Union Budget 2018 is getting a makeover. Breaking the decades-old tradition, it will be presented on February 1 instead of the last working day of February. By advancing the date, the government intends to complete the exercise, including the passing of The Finance Bill and Appropriation Bill in Parliament before April, the onset of a new financial year. Currently, though the Budget is presented in February, it’s only in May that the Finance Bill, involving tax changes and expenditure details, is passed. Saving this time could lead to better execution.

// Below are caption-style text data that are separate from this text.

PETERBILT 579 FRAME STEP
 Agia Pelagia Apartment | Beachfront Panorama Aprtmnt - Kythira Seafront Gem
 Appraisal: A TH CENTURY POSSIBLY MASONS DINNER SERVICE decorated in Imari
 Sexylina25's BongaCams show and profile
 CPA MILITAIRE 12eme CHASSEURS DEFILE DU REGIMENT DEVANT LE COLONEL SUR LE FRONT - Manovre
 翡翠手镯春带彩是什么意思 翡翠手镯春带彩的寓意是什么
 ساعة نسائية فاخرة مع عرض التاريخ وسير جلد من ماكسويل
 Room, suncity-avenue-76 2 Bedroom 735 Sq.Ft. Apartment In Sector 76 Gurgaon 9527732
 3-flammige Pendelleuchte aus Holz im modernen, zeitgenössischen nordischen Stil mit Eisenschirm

For the first time in nearly a century, Budget 2018 will include the Railway Budget, which until now was presented separately. Doing so will save the national rail network Rs 10,000 crore every year (Rs 5,000 crore excluding subsidies). How? A single Appropriation Bill entitles the finance ministry to prepare legislative work including statement of accounts. The Railways, though will continue as a department-run, commercial undertaking, it will be exempted from paying dividends to the government and hence the savings. Also, the move vests power with the finance ministry to revise fares depending on the financial condition and not political constraints. Third and most important, the upcoming Budget will cease to have the age-old plan and non-plan classification.
Originally, plan expenditure included capital expenses leading to asset creation, while non-plan comprised revenue expenditure like salaries, interest payments etc. But over time, the distinction lost clarity. This choked implementation of schemes. By focusing on capital and revenue expenditure, the budget will move a step closer to performance-linked, outcome-based budget, provide control over public debt, and step up gas on capital formation. But for this to happen, states’ support — by advancing their budget presentations and timely inputs — is vital. For, any inconsistency will lead to chaos.